Blacks will be blacks.

marklmail on August 14, 2008 at 8:55 PM

I am sorry but I do not see how this sample is large enough to be indicative of anything.

I am sure that Tom Shipley had his ilk will try to make this into some big political statement about the war or something, but if those troops do not want to be in Iraq, they don’t have to be. It is not necessary to vote for someone like Obama to get out of Iraq. Just do not join and do not reenlist.

I do know that McCain wins in areas of the country where there bases and more military personnel.

But you know, there are minorities in the military and a lot of them might be supporting Obama. You look at the numbers of African Americans supporting overall, it is not out of the question that some black soldiers might do the same thing.

Terrye on August 14, 2008 at 9:31 PM

BTW, I gave money to McCain and I could have put down anything for my occupation etc. How did they verify this?

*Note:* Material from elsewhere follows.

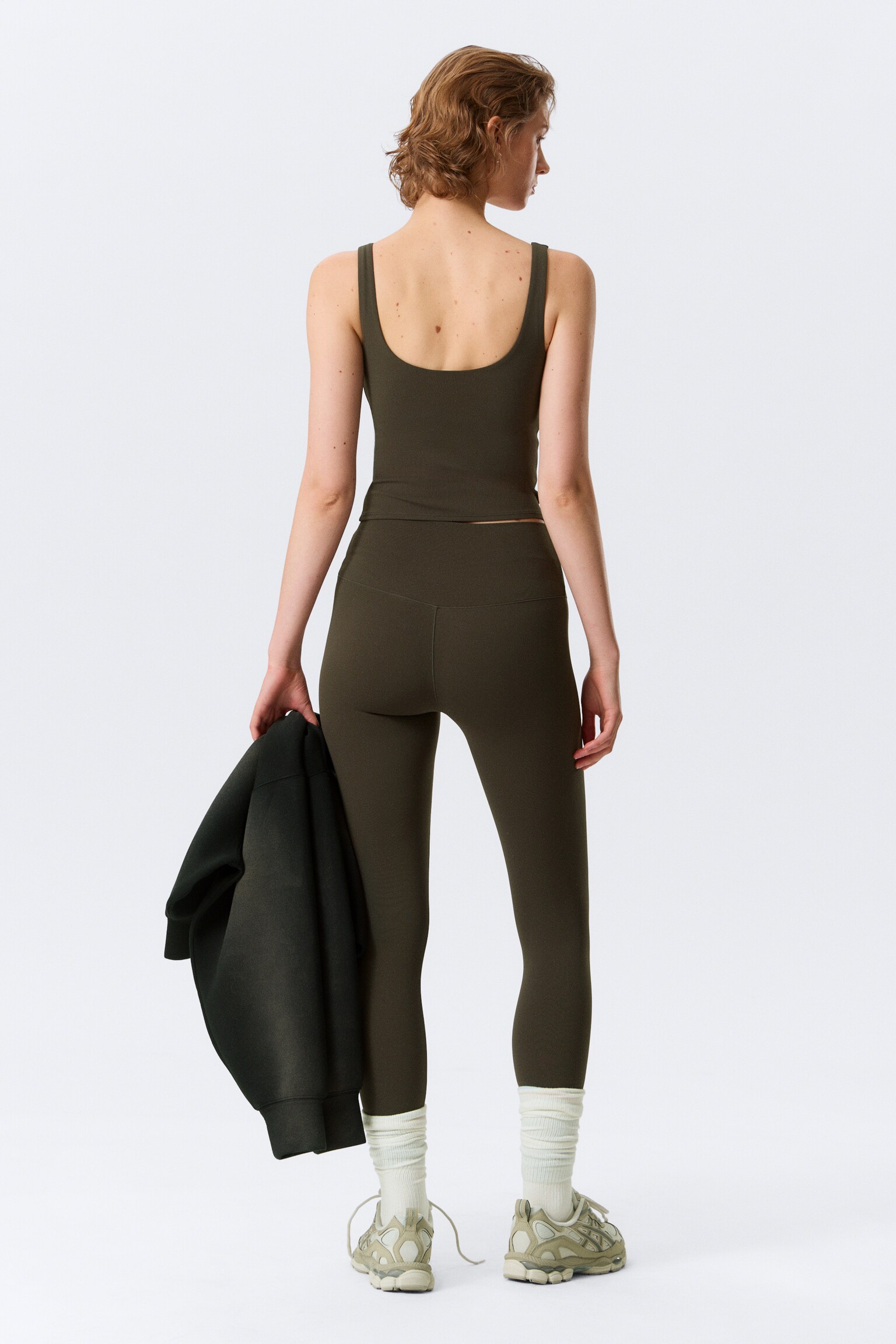 Cropped Sports Top - Dark Brown/Light Dusty Grey/Black/Dark Grey/White/Dark Brown/Dark Khaki Green - 4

Terrye on August 14, 2008 at 9:34 PM

And overseas would include Japan, Italy, Korea, Germany, Dubai, Qatar, Kuwait, Kosovo… a combination of war zones and peaceful duty. I just don’t think it means anything. The real question is how will they vote?

Terrye on August 14, 2008 at 9:37 PM

At this particular point, who knows, who cares.

GarandFan on August 14, 2008 at 10:23 PM

That’s why we saw all those huge crowds of military personnel, cheering and yelling “Yes we Can” whenever he thanked them on behalf of a grateful nation, for their Courage, Bravery, and Sacrifice.

Didn’t we?

franksalterego on August 14, 2008 at 7:51 PM

No, no, your hearing must be going. Were you in the Field Artillery, by chance?

It wasn’t “Yes we Can!”, it was “#uck you Man!”

MB4 on August 15, 2008 at 3:40 AM

As a retired GI (25 years), my observation the direction of donations and support to pull out stems from the fact that this is the first conflict, wherein much of the fighting is being conducted by more State National Guardsmen and women than ever.

The balance between regular military, reserves, and various Guard units (whose primary duty is to assist and protect the state they are assigned to. Thus, their actions reflect hometown support.

The regular forces are held together by a common bond of defeating an enemy that means the nation harm. Thus, their attitudes and actions are based more on individual and right to free choice and tend to support those who support their mission = goals and objectives.

MSGTAS on August 15, 2008 at 10:18 AM

This is scary. When our military supports an anti-America and an anti-military candidate, it makes me nervous. I know stupidity is a part of youth, but I would think our guys would know better. On the other hand maybe they’re tired of fighting a war that only recently El Presidente Jorge Arbusto is letting them win. They may be concerned they’ll wind up in Georgia too.